Second, reporting requirements for parties, which are already fairly strict, could easily tighten if the decision arouses popular anxiety, obliging Congress to pass further transparency rules to “safeguard against a corporate takeover” of our democracy or some such nonsense. Don’t expect E. J. Dionne’s pipe dream of a new populist-progressive alliance to appear any time soon, but we may see some legislation to improve transparency. Dahlai Lithwick, this time with the assistance of Barry Friedman has anticipated just such a reaction.

Serious reform on the issue would be welcome: the existing transparency regime under BCRA has been bucked successfully by a number of organizations, dating back at least to 2004. While filings are interesting and sometimes revealing, they are as yet insufficient.

However, substantive campaign finance reform entails either taxing 527 groups or refusing to make donations to them tax deductible (so that they become indistinguishable from 501(c)4 groups). If the Congressional proposals that emerge in the wake of the decision lack one of these components, they’re not serious efforts at reform.

Third, many commentators seem to view BCRA as a pro-democracy measure, a method of controlling the special interests.
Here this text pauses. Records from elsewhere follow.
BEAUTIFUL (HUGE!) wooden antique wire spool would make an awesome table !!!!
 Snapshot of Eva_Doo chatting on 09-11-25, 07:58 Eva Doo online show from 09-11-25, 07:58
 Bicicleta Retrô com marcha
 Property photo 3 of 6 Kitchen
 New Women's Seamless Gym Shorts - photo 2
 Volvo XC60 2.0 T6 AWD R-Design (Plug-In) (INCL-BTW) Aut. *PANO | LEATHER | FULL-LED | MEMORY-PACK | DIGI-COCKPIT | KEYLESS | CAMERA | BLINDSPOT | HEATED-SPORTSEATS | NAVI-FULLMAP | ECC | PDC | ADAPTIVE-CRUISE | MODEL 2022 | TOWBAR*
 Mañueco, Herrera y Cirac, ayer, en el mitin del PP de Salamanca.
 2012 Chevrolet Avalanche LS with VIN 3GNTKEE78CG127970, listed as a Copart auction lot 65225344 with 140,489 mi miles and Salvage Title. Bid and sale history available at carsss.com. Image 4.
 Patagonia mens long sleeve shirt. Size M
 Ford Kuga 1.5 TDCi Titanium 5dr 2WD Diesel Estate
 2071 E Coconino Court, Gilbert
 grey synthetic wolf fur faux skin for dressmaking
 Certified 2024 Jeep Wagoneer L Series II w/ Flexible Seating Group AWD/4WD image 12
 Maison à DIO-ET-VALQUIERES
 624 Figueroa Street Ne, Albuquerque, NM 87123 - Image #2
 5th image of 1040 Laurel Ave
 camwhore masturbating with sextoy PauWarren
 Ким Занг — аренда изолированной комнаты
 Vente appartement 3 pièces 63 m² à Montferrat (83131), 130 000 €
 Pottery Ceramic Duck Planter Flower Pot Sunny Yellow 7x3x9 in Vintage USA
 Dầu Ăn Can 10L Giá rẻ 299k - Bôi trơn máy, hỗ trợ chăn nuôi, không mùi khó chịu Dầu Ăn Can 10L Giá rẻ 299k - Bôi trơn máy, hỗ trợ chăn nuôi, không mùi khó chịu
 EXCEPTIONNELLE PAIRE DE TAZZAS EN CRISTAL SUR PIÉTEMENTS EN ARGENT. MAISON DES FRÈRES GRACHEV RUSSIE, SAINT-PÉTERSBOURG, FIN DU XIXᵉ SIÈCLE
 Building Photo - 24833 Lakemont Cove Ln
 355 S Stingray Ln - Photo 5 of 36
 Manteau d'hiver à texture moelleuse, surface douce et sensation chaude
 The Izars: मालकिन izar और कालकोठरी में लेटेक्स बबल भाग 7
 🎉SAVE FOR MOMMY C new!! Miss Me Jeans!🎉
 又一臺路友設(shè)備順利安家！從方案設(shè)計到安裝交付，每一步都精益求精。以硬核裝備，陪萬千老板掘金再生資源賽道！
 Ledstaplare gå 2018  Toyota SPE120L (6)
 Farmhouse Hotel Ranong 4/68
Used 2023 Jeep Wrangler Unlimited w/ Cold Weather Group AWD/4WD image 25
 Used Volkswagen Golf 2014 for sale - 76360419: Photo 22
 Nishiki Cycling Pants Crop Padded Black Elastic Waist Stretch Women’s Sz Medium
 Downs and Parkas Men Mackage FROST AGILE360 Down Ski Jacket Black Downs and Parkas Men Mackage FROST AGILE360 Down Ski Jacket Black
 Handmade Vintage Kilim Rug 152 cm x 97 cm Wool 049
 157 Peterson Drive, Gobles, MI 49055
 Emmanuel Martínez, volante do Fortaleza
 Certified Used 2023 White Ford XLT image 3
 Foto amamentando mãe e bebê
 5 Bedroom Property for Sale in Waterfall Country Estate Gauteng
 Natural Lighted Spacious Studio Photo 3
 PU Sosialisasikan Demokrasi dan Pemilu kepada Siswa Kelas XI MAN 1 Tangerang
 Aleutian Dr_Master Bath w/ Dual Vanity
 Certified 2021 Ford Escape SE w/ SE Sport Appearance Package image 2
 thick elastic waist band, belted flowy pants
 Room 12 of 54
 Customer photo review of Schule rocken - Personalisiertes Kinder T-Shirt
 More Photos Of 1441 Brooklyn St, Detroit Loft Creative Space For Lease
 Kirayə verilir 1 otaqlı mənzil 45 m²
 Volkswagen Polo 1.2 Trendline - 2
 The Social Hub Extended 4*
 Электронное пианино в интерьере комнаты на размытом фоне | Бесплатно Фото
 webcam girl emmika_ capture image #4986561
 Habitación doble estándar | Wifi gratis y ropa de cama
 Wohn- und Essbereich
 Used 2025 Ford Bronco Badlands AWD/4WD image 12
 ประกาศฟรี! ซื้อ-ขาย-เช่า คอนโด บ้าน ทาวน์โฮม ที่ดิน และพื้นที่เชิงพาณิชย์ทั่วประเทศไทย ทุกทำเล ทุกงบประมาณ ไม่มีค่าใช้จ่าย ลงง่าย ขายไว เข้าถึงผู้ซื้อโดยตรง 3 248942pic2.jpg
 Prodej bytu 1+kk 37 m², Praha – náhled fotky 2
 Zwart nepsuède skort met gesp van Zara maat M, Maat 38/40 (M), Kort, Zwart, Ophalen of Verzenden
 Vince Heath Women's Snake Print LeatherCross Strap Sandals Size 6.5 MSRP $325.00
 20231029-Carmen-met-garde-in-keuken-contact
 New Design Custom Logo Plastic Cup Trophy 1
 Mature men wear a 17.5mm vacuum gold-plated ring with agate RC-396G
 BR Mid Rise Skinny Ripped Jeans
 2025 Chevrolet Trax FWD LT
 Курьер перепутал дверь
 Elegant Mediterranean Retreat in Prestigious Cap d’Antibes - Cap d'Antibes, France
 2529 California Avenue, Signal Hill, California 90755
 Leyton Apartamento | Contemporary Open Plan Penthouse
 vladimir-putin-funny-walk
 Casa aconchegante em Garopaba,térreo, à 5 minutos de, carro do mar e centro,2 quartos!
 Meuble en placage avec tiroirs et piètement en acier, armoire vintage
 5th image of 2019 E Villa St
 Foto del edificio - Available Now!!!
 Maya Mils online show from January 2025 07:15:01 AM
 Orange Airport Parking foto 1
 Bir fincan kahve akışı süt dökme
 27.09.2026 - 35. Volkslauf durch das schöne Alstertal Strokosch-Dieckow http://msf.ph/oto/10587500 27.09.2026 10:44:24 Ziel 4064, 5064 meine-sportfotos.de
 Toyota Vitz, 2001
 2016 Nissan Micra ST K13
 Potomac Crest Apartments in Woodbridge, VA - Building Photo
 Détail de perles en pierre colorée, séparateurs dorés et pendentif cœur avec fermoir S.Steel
This is true to an extent, but it’s really a mechanism designed to control any interest except for the incumbent’s.

Currently, BCRA functions as an incumbent insurance program by creating fundraising impediments for prospective challengers. The nasty underside of campaign finance reform is that it exacerbates the incumbency advantage and actually entrenches extant centers of power. While there’s no guarantee that Citizens United will do anything to change this, opening up the process to more donors is unlikely to make it any more a free ride for incumbents.

Fourth, and finally, an exception to my rather blasé assessment of the political impact of Citizens United: federalism. Strong support for a heavily rights-centered jurisprudence anchored in the Bill of Rights is, by implication of incorporation, restrictive of the powers of state governments. If incorporation means anything, then Citizens United must imply the elimination of state-by-state restrictions on campaign finance.

I’m less than thrilled about this side of the decision, as it seems to further vitiate state self-governance. However, as we’ll suggest in a forthcoming “legal implications” entry, this anti-federalism comes along with so capacious an interpretation of the First Amendment. If pornography, money, and what would conventionally be called obscenity can all make claims to First Amendment protections from the federal government, then states looking to change the terrain are out of luck. So long as the republican government clause is non-justiciable, the Courts will be siding with individual rights over the democratic political process. This paradox strikes jurisprudential and political liberalism to its core. The chickens, in this sense, are coming home to roost.